Uma zona tão fragmentada por pequenos proprietários particulares dificulta uma ação global sobre a floresta da freguesia, que permita obter os resultados apresentados pelo projeto. Daí o interesse em formar uma Zona de Intervenção Florestal — neste caso, a ZIF da Ribeira do Sinhel —, para atuar sobre o território como um todo, independentemente dos limites da propriedade de cada um. A ideia seria que, associando vários proprietários e intervindo no conjunto de terrenos — para fazer cortes, adubações e limpezas —, como se de um único terreno se tratasse, fosse possível reduzir os custos dos serviços contratados. Esta ideia é suportada pelos resultados do projeto. Mais, os inquéritos feitos aos proprietários mostram que 40% dos 221 inquiridos pelo projeto estariam disponíveis para delegar a gestão dos seus terrenos à ZIF. Esta gestão passa pela diminuição dos combustíveis, ou seja, cortar os matos a cada cinco anos, cortar as árvores que não têm valor económico (ou que estão em excesso), para deixar só aquelas que podem fazer uma boa produção de madeira, e abrir faixas sem vegetação (com cerca de 125 a 200 metros de largura) que facilitem o combate aos incêndios.

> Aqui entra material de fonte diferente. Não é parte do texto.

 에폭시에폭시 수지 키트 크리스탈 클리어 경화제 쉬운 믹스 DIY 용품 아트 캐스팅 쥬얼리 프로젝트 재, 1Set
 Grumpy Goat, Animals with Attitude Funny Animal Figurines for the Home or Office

Mas há quem fique na dúvida. “São muito agarrados àquilo que herdaram dos pais, dos avós. Vivem dos aspetos materiais com muita profundidade”, explica Jorge Alves. Passa algum tempo no café de Alvares e vai ouvindo os clientes a falarem sobre a ZIF. O estabelecimento é do amigo e, por isso, vai lá ajudá-lo a servir às mesas. “As pessoas estão preocupadas se perdem aquilo que têm”, conta ao Observador. Jorge não está. Tem várias propriedades separadas: “Tudo junto é capaz de ser para aí um hectare e meio”. Está disposto a abdicar do que for preciso: “Não tenho produção nenhuma. Limito-me a limpar. Não tiro rendimento nenhum daquilo que faço. Tudo o que planto é perdido com o fogo. É mandar fora o dinheiro que invisto”.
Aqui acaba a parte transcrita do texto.